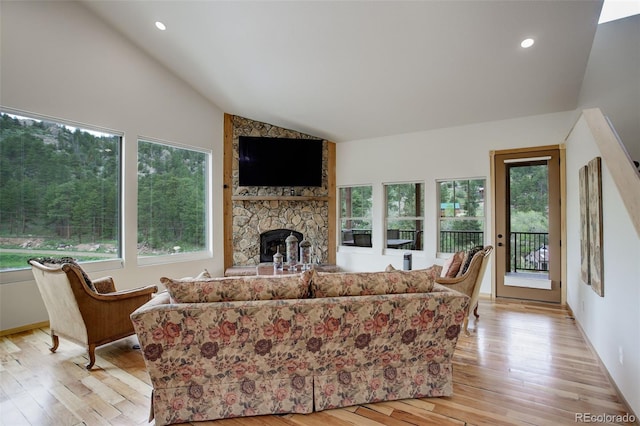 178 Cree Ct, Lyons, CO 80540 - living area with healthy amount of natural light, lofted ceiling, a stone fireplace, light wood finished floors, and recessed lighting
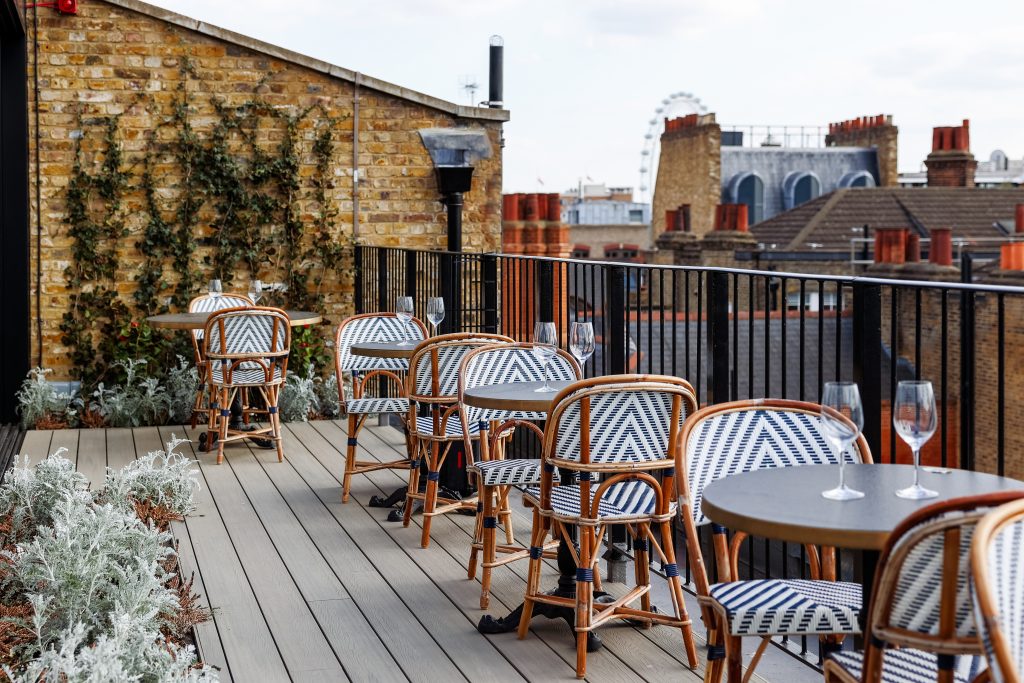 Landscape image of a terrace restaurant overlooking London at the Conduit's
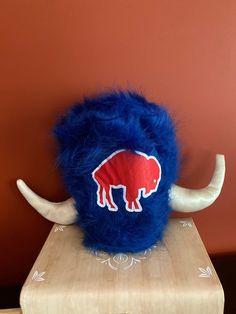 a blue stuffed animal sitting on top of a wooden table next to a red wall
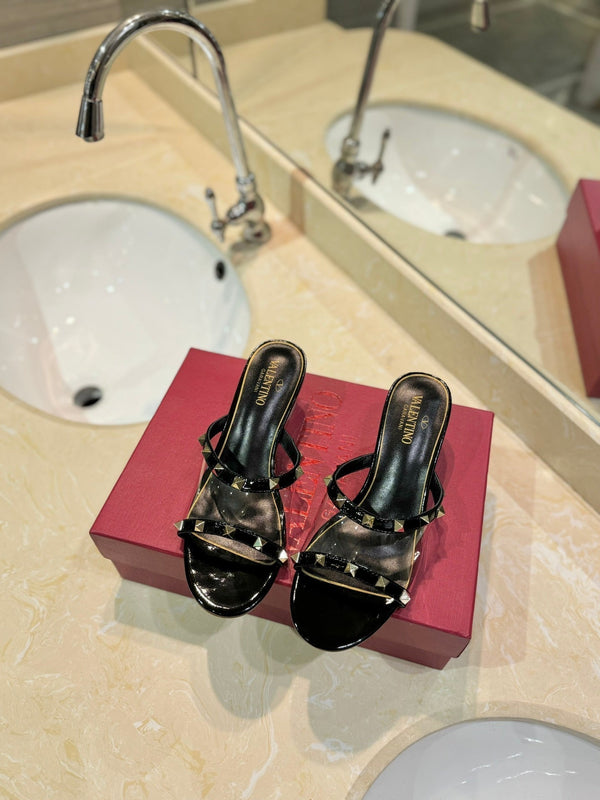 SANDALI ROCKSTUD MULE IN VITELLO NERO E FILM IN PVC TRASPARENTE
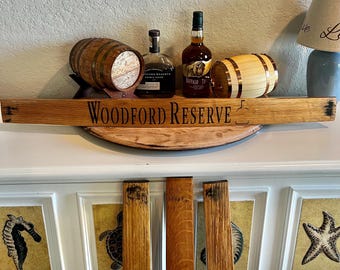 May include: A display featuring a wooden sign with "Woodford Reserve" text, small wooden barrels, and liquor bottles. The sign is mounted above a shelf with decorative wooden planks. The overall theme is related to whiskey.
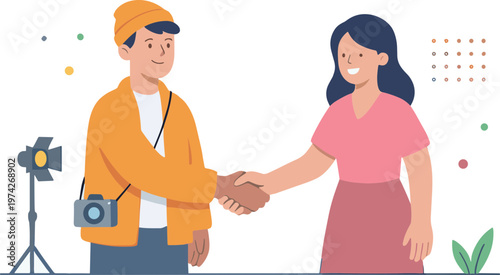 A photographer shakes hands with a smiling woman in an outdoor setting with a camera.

> **TASK BRIEF**
Write out again only the lines from the line that contains "SANDALI ROCKSTUD MULE" through the last line of the records, both ends included, without any of the pictures.

> **RESPONSE AREA**
 SANDALI ROCKSTUD MULE IN VITELLO NERO E FILM IN PVC TRASPARENTE
 May include: A display featuring a wooden sign with "Woodford Reserve" text, small wooden barrels, and liquor bottles. The sign is mounted above a shelf with decorative wooden planks. The overall theme is related to whiskey.
 A photographer shakes hands with a smiling woman in an outdoor setting with a camera.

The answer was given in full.